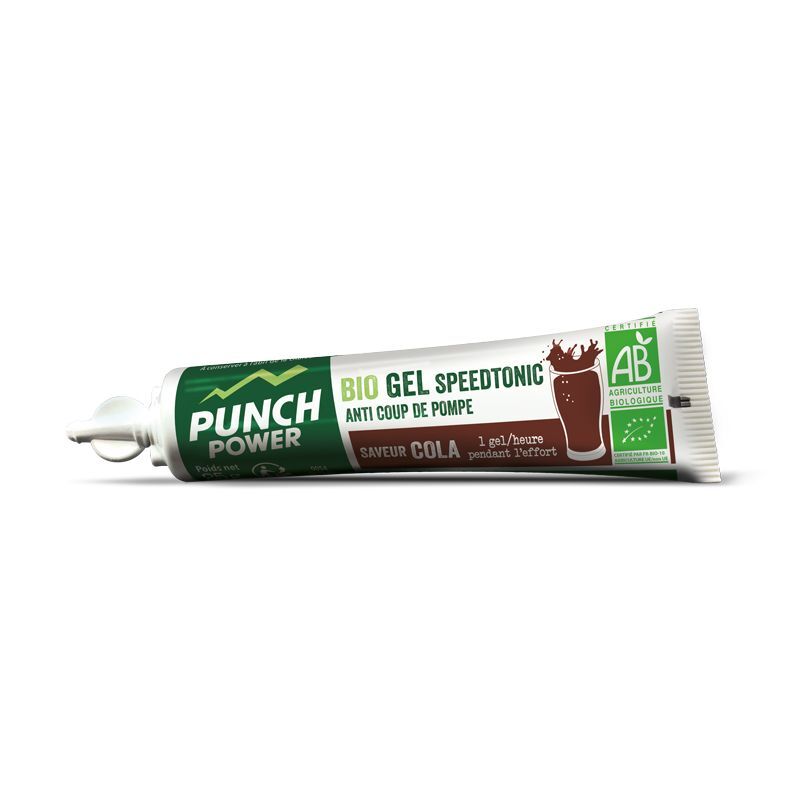 Punch Power Speedtonic Cola - Energy gel (6)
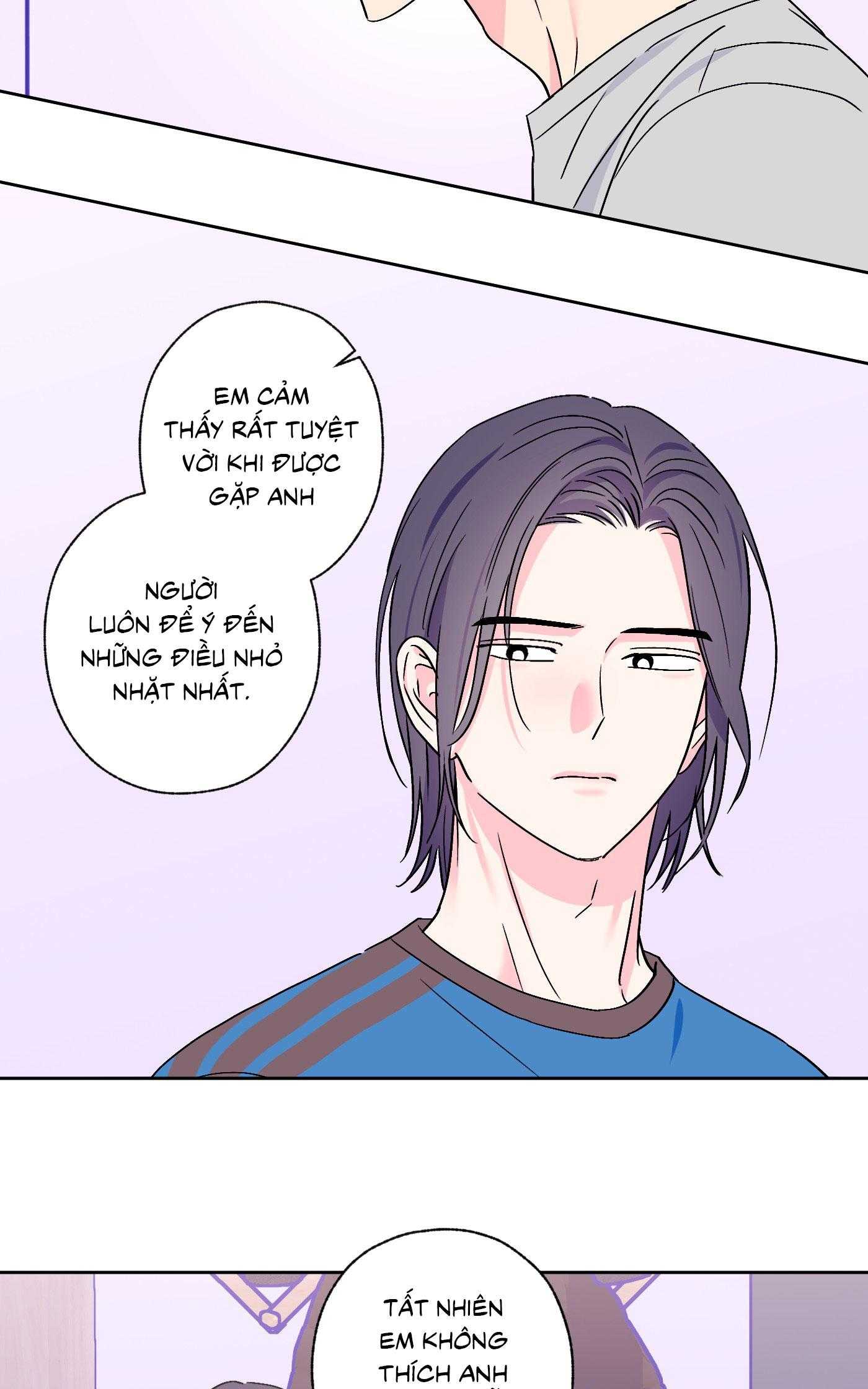 Vụ bê bối của Beta Chapter 66 25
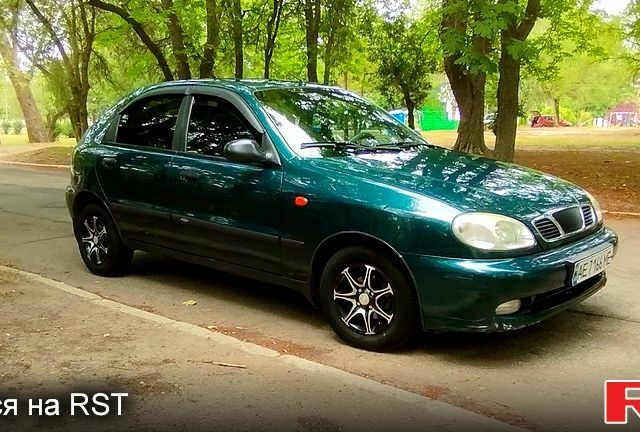 Дэу Ланос, объемом двигателя 1.5 л и пробегом 170 тыс. км за 2600 $, фото 3 на Automoto.ua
^^^^^^^^
● **About this exercise**: Could you give the material again exactly as it stands, omitting any image?

● **Task solution**:
 Punch Power Speedtonic Cola - Energy gel (6)
 Vụ bê bối của Beta Chapter 66 25
 Дэу Ланос, объемом двигателя 1.5 л и пробегом 170 тыс. км за 2600 $, фото 3 на Automoto.ua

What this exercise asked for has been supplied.